Your job is to give again, exactly and with no additions, the lines in the records below from the one with "Graph illustrating main data" through the one with "Los Árboles - średnie", both included. Omit the pictures.

▸ RECORDED DATA
☆ ☆ ☆ ☆

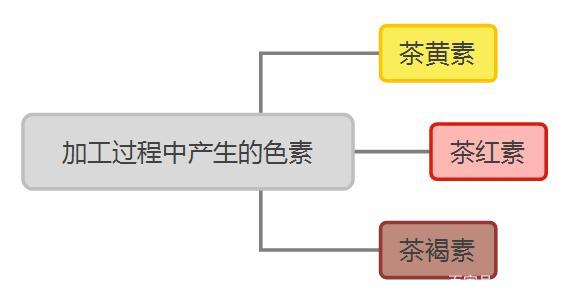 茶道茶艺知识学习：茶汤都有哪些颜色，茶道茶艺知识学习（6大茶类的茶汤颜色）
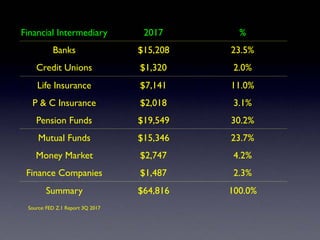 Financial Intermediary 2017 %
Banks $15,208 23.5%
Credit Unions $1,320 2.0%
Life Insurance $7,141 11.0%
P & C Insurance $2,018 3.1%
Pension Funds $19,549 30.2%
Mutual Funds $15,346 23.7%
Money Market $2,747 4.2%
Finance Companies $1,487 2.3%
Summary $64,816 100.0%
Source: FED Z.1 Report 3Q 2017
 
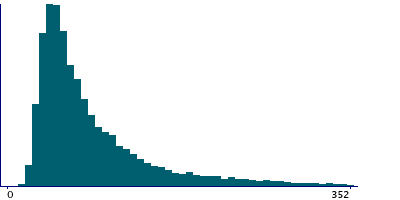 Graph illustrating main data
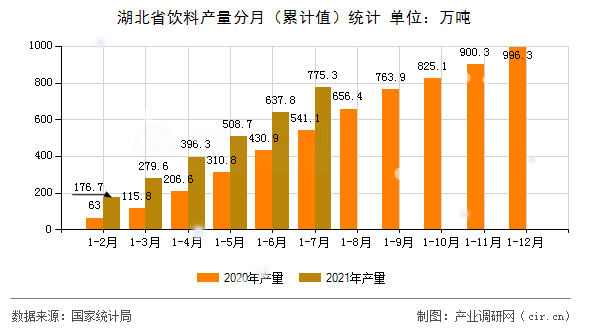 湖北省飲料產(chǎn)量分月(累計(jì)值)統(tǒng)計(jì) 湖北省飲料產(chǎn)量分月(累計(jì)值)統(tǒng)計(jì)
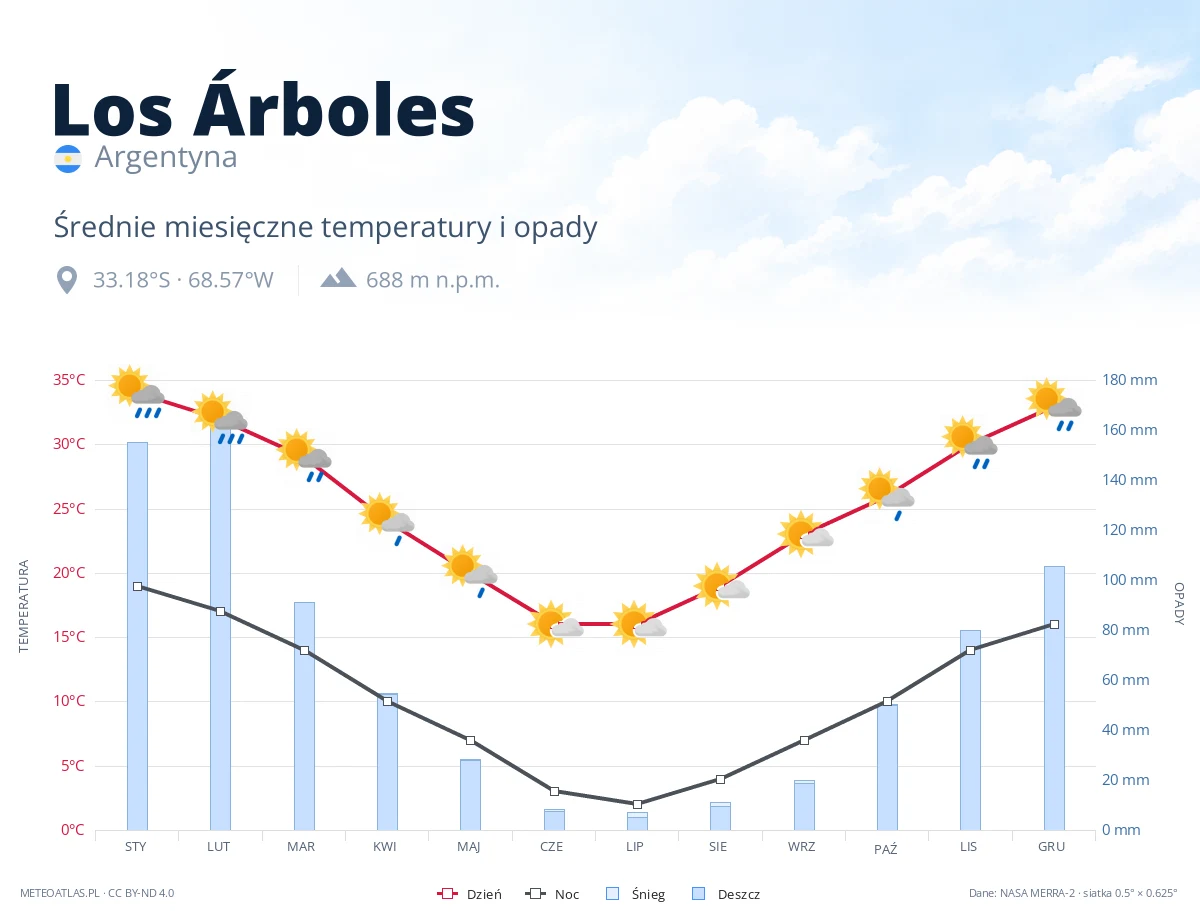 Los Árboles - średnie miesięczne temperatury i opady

☆ ☆ ☆ ☆

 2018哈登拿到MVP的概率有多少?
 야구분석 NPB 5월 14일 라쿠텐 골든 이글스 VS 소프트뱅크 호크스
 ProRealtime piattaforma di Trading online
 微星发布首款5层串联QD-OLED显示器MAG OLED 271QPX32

☆ ☆ ☆ ☆

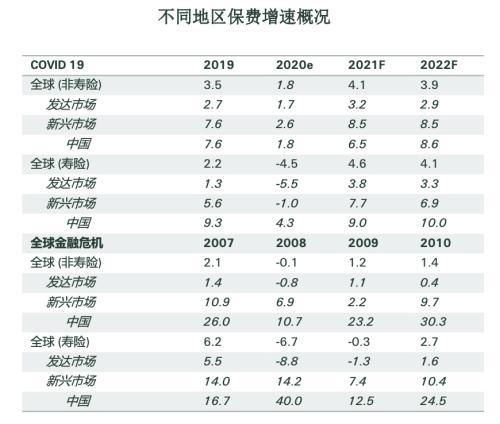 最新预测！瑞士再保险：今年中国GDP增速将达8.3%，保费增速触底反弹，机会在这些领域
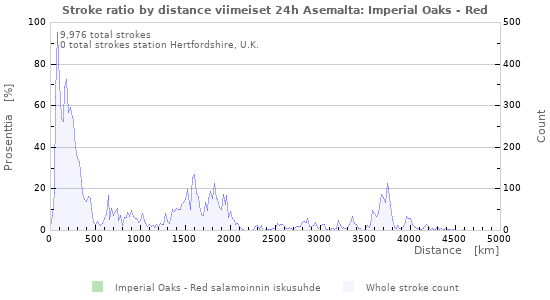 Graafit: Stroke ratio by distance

☆ ☆ ☆ ☆

▸ OUTPUT OF THE EXERCISE
 Graph illustrating main data
 湖北省飲料產(chǎn)量分月(累計(jì)值)統(tǒng)計(jì) 湖北省飲料產(chǎn)量分月(累計(jì)值)統(tǒng)計(jì)
 Los Árboles - średnie miesięczne temperatury i opady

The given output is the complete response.